Duke sociologist (and Crooked Timber blogger) Kieran Healy visited my Taboo Trades and Forbidden Markets seminar this week to discuss his book, Last Best Gifts (University of Chicago Press, 2006) -- a study of the social organization of exchange in human blood and organs – as well as his research on presumed consent laws (See, Do Presumed Consent Laws Raise Organ Procurement Rates? DePaul Law Review, 55:1017–1043 (2006)) (PDF). Healy has also written several other articles about gift and market exchange in human blood and organs and, in addition, studies the moral order of market society (See, for example, Marion Fourcade and Kieran Healy, Moral Views of Market Society. Annual Review of Sociology 33:285–311 (2007) (PDF.))
This was an in-person meeting that I’ve been eager to arrange for some time. I discuss the book every year, and recommend it to anyone interested in blood and organ exchange. I have also assigned the Moral Views piece in prior years, and naturally all of this work has impacted my own research on these and related topics. But I had not read the Presumed Consent article until now, which has been my loss. And if you haven’t read it, you really should rectify that, even if you have no interest in organ procurement or presumed consent rules.

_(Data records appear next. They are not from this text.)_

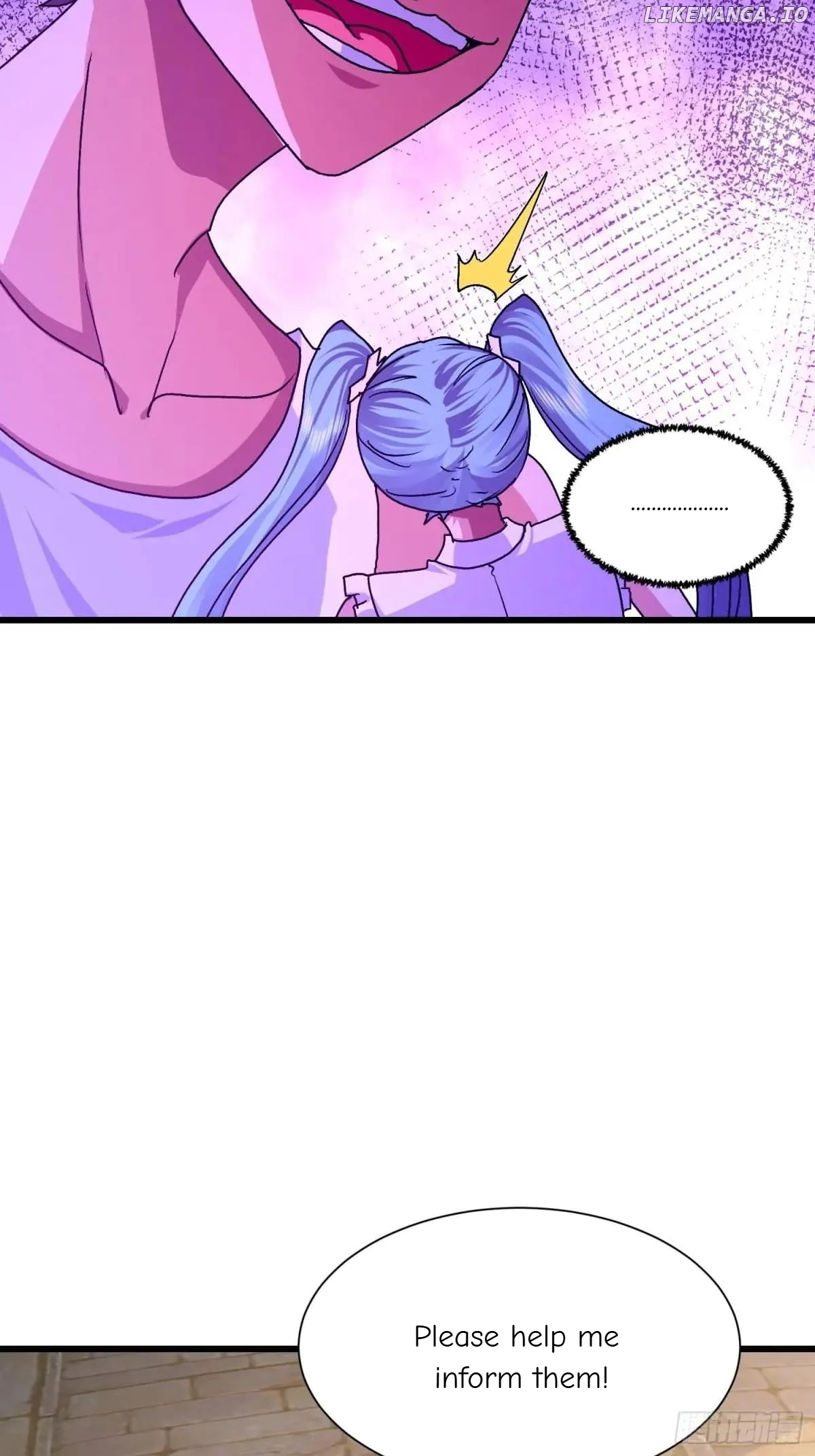 I Became the Target of the Harem in Another World Chapter 87 page 16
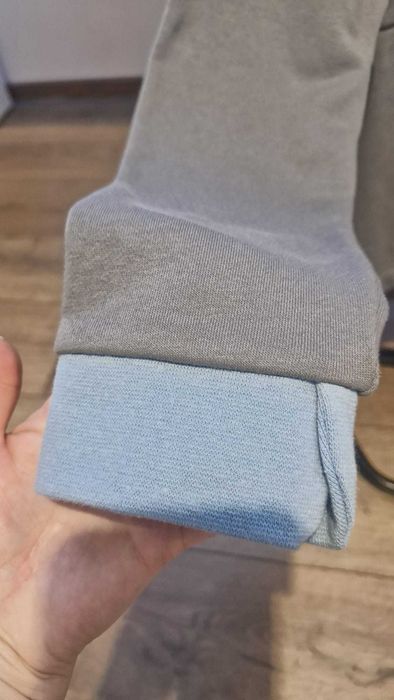 Bluza Nike copii, molton, nou fara eticheta, M, 10/12 ani,137/147 cm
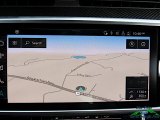 2021 Audi RS 7 quattro Sportback Navigation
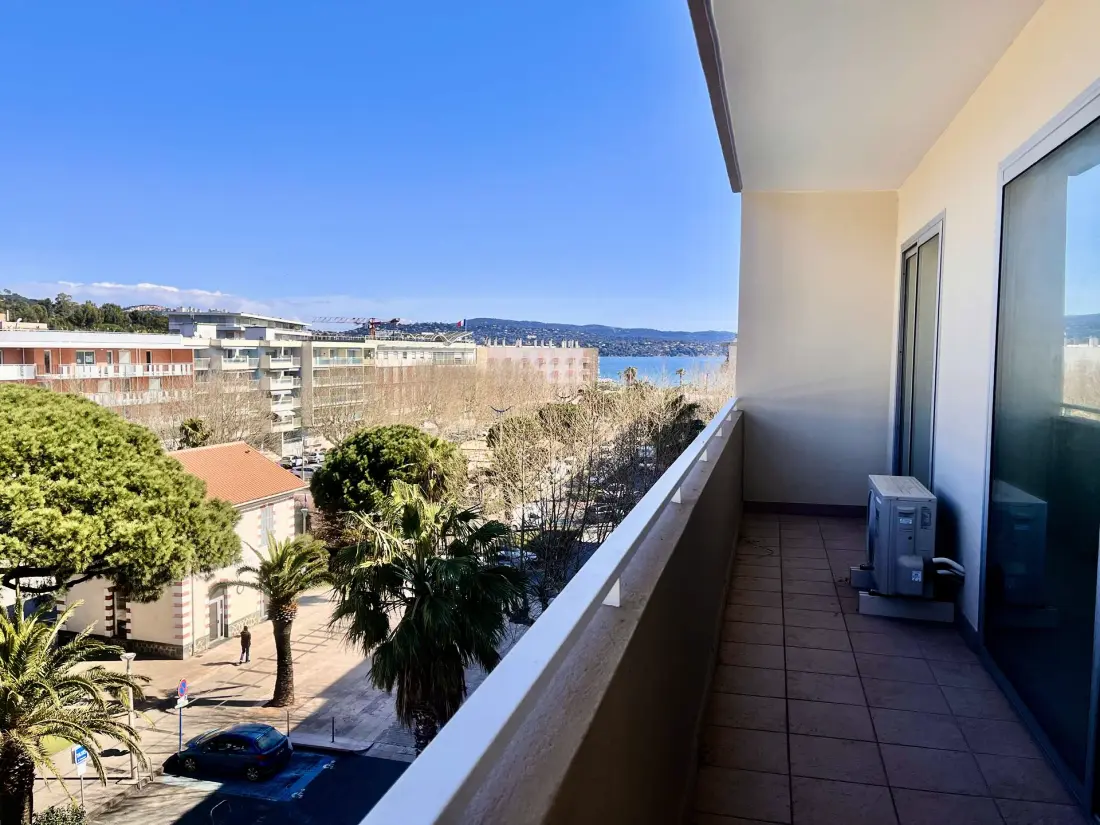 Residence Les Palmiers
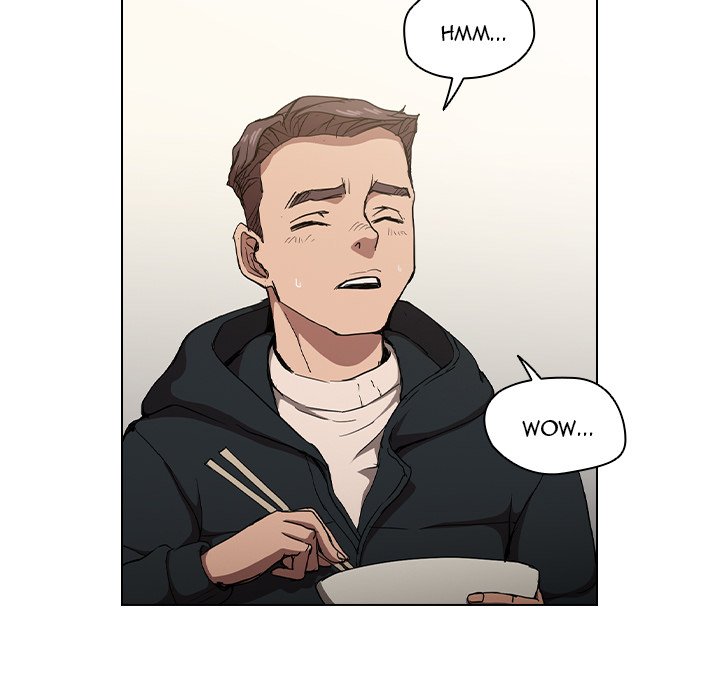 Who Cares If I’m a Loser! chapter 28 page 93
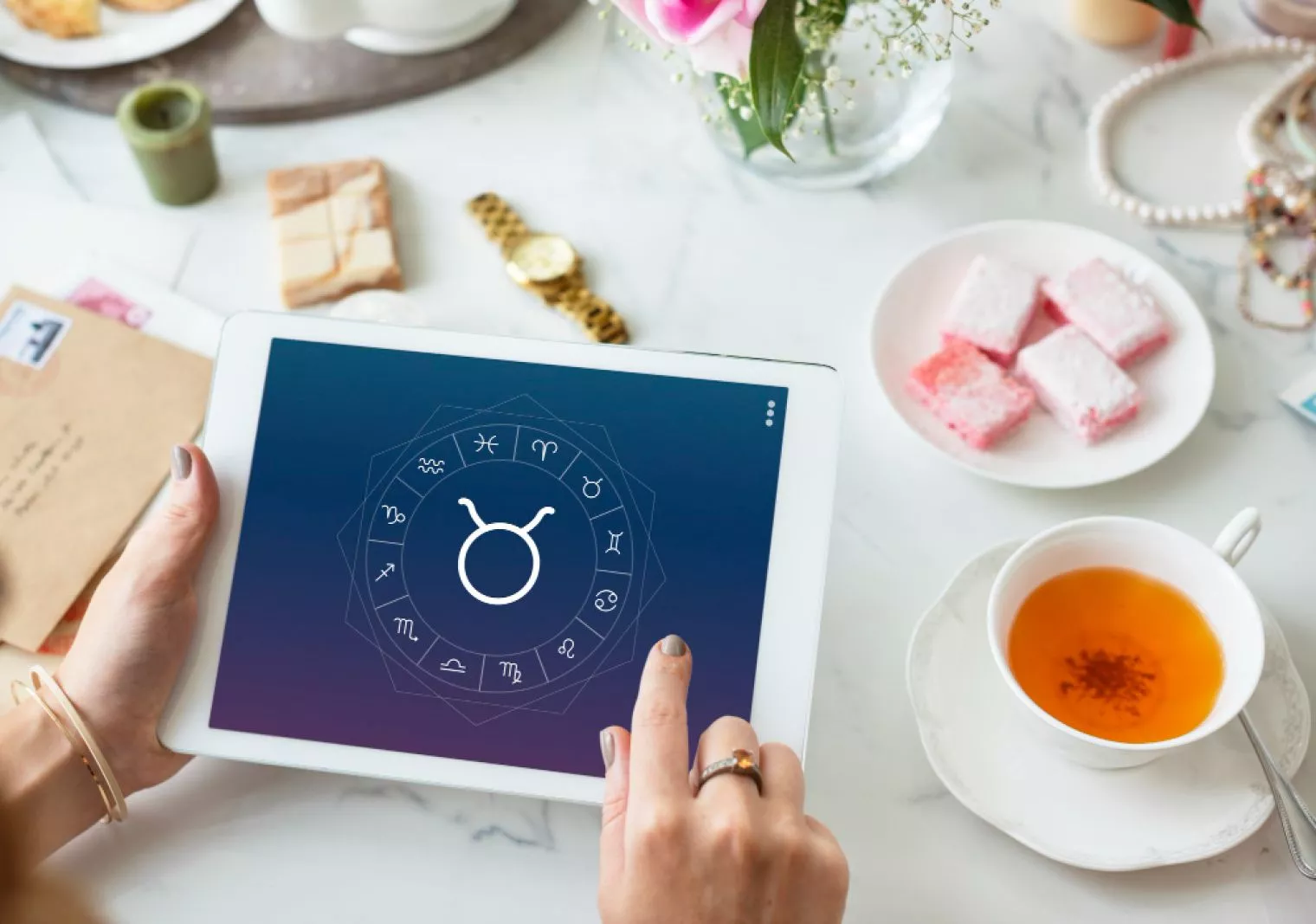 Ini 4 Zodiak Paling Berani Mengambil Risiko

Here’s why. In brief, the article is a comparative study of rates of cadaveric organ procurement in seventeen OECD countries between 1990 and 2002. Those in the United States (and other countries, including the UK) concerned with insufficient cadaveric donor rates frequently advocate a switch to a presumed-consent legal regime (as opposed to the US informed consent regime), as a quick fix to the problem of under-supply. This seems logical enough – in other contexts we have reason to believe that alterations to the default rule, and particularly from an opt-in to an opt-out regime, may meaningfully impact behavior. This is especially plausible when the law functions as some sort of signaling device about societal norms or when, as in the case of organ donation, choosing involves scenarios – death – that one prefers not to contemplate, perhaps causing inertia.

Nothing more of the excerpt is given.